3. Carlos Beltran: Along with Jose Reyes, Beltran carried the team the first half of the season, so that counts for something, and he, amazingly enough (or maybe not so amazing), still leads the team in home runs, RBIs and doubles. But even though he's no longer with the Mets, he gave them a parting gift in Zach Wheeler, so his 2011 season was important just for that trade. When was the last time the Mets traded for the future, getting a big-time prospect in return for a veteran?
2. Lucas Duda: This year is all about next year for the Mets (and maybe even the year after that), so any infusion of youth and hope the team can find, the better. Duda's taking full advantage of his extended playing time, and after his struggles last season and the first 100 at-bats or so this year, he's taken huge strides in his plate discipline and knowledge of the strike zone, and now his power is starting to bloom. With the Mets most likely not spending money this off-season, Duda looks like a shoe-in as the team's 2012 right fielder. Ruben Tejada gets an honorable mention nod, as well.

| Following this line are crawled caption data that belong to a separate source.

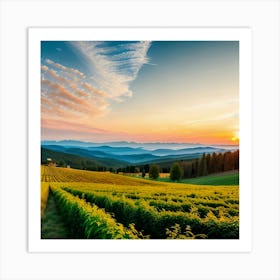 Sunset In The Vineyard Art Print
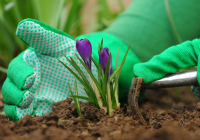 How to plant a flower garden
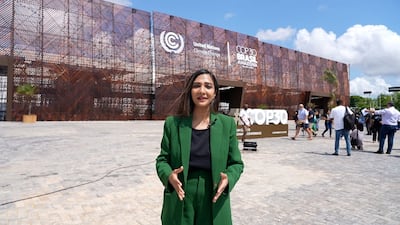 Amazon city Belem becomes global climate focus point on eve of Cop30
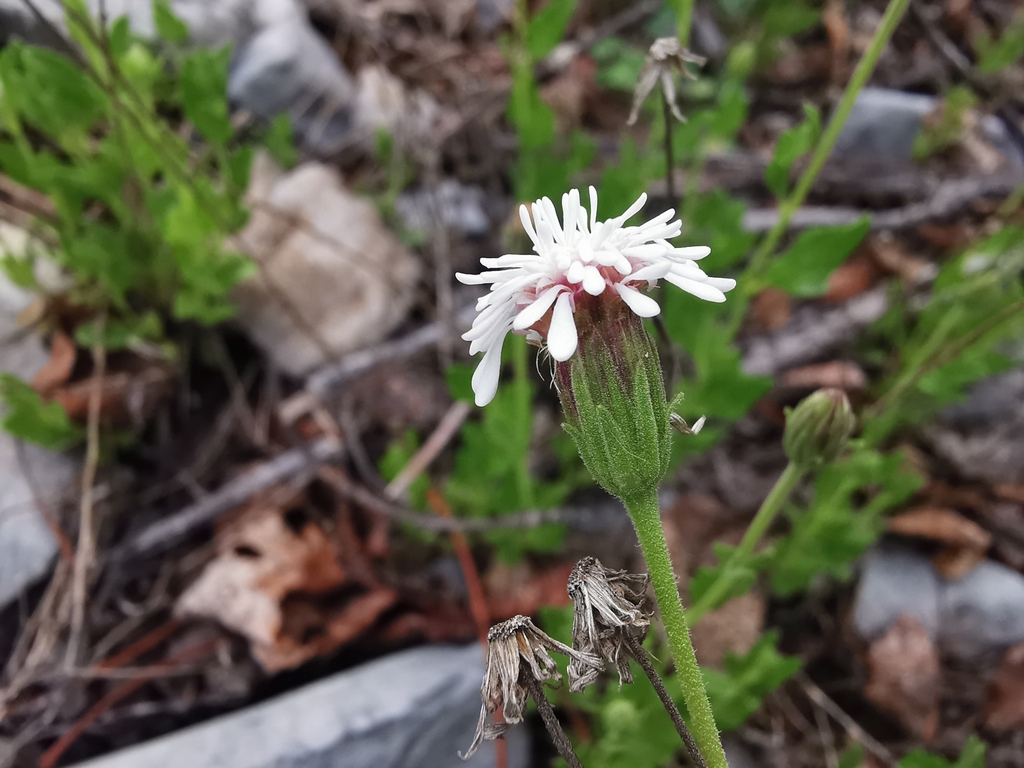 Phanerostylis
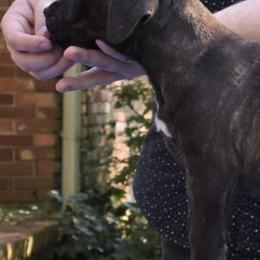 American Staffordshire Terriers and Staffordshire Bull Terriers from Irresistibull Staffords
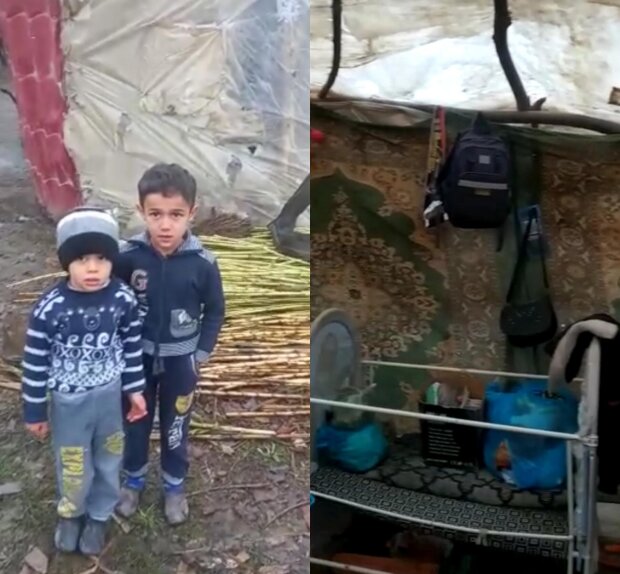 Şəmkirdə ailə iki azyaşlı uşaqla niyə çadırda yaşayır? -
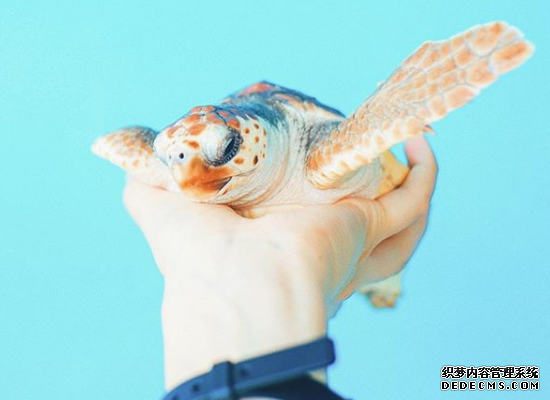 “老好人”的角色适不适合你?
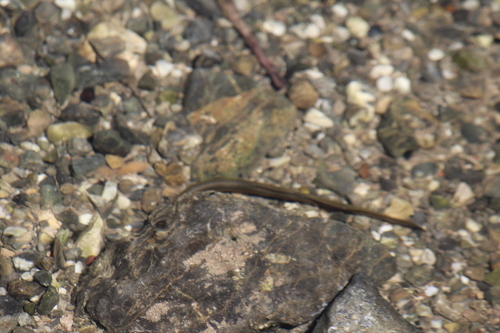 Carpathian brook lamprey (Eudontomyzon danfordi) — Petromyzontidae — 3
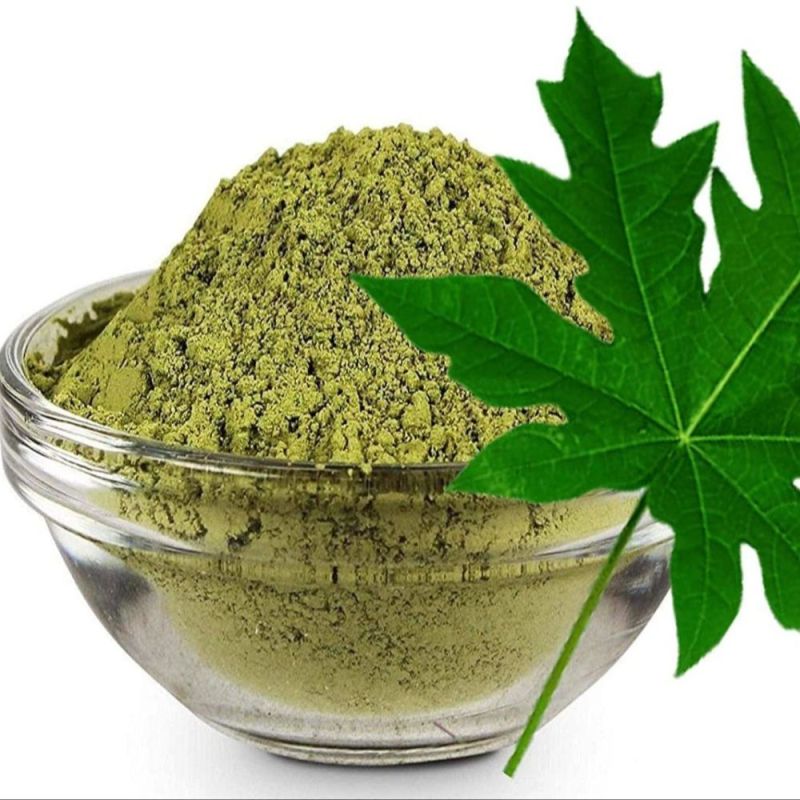 Papaya Leaf Extract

1. Jose Reyes: The dynamic shortstop has been the Mets' best player this year, giving the team's fans something to cheer for and get excited about. He was so good and so popular the question of whether the Mets would trade him became moot by the trade deadline. Now all he has to do is re-sign with the club -- oh, and stay healthy as well, which, is, of course, the biggest question mark surrounding the shortstop. But Reyes is now seen as part of the solution and not part of the problem. And he may be the first-ever batting champion in franchise history.